Lorsque l’on dit, « un couple que l’on suit », ce n’est, en réalité, pas faire honneur à une des choses les plus abouties de ce film : avoir réussi à raconter cette histoire sans infliger une narration linéaire ou son pendant classique, des flashbacks. La structure du film est très intelligente – et s’il fallait vraiment donner un Ours à ce film, espérons que cela soit celui de la meilleure contribution technique, avec ici le travail de montage – puisque l’on suit à travers les séances de psychothérapie de Toma son point de vue sur cette histoire qu’il a vécu avec Ana. Comme toute analyse, les éléments s’enchaînent de manière disruptive sans considération chronologique, de lieux ou même de réalité puisque les rêves y sont aussi évoqués. Sans jamais gêner la compréhension, les périodes étant marquées par les changements de coiffures, de résidence, etc., cette structure évite l’écueil de la simplification des sentiments éprouvés par les protagonistes et permet de faire évoluer la dramaturgie dans un sens qui n’est pas forcément celui auquel on aurait pensé en entrant dans l’histoire. Petit à petit, le vrai sens de la dépendance se dévoile.

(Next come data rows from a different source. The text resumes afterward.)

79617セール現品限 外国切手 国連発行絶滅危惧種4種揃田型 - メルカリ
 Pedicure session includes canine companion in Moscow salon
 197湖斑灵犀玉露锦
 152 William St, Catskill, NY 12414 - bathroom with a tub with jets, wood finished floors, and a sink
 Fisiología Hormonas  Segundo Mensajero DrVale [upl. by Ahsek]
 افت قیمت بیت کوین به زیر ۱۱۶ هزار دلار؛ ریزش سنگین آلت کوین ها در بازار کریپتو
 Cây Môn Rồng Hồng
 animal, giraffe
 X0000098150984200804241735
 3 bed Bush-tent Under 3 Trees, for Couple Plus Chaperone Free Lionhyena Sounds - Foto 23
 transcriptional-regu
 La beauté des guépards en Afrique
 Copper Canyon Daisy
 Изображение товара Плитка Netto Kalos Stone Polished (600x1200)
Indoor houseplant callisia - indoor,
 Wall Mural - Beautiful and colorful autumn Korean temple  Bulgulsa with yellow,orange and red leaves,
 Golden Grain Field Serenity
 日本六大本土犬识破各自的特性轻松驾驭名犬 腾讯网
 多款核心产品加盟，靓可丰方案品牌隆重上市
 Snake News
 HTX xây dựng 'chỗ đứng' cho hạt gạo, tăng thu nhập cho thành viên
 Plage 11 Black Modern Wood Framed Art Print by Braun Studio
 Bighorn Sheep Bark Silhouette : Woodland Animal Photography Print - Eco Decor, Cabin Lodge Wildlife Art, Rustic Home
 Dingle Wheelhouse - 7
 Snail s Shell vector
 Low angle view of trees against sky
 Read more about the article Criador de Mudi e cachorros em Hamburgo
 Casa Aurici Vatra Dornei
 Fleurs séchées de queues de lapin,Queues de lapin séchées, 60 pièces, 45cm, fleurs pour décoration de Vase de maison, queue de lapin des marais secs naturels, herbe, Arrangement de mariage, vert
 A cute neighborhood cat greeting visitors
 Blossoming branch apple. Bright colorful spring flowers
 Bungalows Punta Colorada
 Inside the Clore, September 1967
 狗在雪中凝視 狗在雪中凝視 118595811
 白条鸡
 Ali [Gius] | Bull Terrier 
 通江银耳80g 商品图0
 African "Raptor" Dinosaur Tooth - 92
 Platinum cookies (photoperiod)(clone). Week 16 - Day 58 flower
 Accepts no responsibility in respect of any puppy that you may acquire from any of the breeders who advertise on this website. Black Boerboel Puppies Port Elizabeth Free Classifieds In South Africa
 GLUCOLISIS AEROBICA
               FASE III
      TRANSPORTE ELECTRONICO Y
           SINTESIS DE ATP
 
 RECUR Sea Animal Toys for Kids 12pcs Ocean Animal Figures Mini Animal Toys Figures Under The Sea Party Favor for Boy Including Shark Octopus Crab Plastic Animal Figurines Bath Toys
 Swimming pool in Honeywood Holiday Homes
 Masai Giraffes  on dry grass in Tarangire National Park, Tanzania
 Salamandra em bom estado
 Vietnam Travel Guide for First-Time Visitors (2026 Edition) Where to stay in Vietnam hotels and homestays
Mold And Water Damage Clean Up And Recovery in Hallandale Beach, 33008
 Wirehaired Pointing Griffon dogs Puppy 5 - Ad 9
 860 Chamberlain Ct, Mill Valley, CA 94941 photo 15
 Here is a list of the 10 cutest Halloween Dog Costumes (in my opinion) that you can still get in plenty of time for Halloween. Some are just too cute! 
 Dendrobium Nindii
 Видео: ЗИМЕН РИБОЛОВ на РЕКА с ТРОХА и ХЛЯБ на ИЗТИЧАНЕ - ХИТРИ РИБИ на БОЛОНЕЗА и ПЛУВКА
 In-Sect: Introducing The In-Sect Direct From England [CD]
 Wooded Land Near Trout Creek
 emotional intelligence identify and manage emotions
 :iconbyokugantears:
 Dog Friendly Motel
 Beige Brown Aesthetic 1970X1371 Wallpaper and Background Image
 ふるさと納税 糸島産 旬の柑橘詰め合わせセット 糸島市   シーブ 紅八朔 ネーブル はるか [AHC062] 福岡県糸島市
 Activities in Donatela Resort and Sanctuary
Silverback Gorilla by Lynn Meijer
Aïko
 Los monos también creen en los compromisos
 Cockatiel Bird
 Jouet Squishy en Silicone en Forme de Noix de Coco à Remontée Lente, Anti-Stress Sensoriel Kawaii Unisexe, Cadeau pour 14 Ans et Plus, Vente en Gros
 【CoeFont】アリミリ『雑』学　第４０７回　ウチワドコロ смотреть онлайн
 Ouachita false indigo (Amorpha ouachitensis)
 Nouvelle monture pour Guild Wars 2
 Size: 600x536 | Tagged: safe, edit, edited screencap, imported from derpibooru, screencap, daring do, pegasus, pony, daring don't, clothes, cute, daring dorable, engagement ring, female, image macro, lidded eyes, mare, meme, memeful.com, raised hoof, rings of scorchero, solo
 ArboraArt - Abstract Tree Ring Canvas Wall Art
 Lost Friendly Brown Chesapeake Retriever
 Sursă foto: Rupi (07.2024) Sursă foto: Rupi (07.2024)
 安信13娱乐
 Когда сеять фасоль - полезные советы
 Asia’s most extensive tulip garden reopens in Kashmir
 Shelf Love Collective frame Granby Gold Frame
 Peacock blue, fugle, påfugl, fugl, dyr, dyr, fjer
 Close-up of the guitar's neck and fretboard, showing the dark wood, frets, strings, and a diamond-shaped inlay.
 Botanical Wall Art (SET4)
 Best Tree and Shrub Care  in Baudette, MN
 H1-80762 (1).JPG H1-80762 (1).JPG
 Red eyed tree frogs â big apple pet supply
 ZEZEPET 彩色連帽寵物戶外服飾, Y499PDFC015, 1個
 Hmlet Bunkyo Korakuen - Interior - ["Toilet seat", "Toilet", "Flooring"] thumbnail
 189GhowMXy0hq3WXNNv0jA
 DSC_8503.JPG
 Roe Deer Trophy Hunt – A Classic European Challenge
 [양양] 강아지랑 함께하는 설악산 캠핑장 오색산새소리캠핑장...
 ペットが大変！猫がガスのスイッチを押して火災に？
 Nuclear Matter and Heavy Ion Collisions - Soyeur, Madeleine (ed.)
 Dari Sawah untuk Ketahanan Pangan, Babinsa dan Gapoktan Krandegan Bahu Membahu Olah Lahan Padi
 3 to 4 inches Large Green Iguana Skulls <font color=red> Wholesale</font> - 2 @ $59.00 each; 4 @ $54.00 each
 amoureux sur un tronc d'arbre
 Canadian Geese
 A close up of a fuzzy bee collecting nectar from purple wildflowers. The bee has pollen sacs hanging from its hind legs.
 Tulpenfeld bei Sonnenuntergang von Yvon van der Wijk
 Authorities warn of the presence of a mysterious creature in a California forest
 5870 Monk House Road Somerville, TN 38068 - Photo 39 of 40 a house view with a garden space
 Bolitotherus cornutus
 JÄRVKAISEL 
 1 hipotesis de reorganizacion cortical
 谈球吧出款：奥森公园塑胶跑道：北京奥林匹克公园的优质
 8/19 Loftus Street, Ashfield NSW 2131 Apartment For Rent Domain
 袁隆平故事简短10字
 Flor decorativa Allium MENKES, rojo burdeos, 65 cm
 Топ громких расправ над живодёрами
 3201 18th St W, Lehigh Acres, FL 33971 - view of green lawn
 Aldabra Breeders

Mais ce « petit à petit » n’est pas anodin et recèle quelques faiblesses dans le scénario, trop répétitif, trop long et qui effleure quelques thématiques annexes contemporaines des sociétés issues du post-communisme, comme la religion très présente dans la vie des protagonistes mais dont on a de la peine à définir l’aspect sociétal, ou l’éventuel reflet du problème des traumatismes vécus du temps du régime totalitaire qui n’ont pas été réellement travaillés par la société, à l’instar des traumatismes refoulés au fin fond des secrets de famille.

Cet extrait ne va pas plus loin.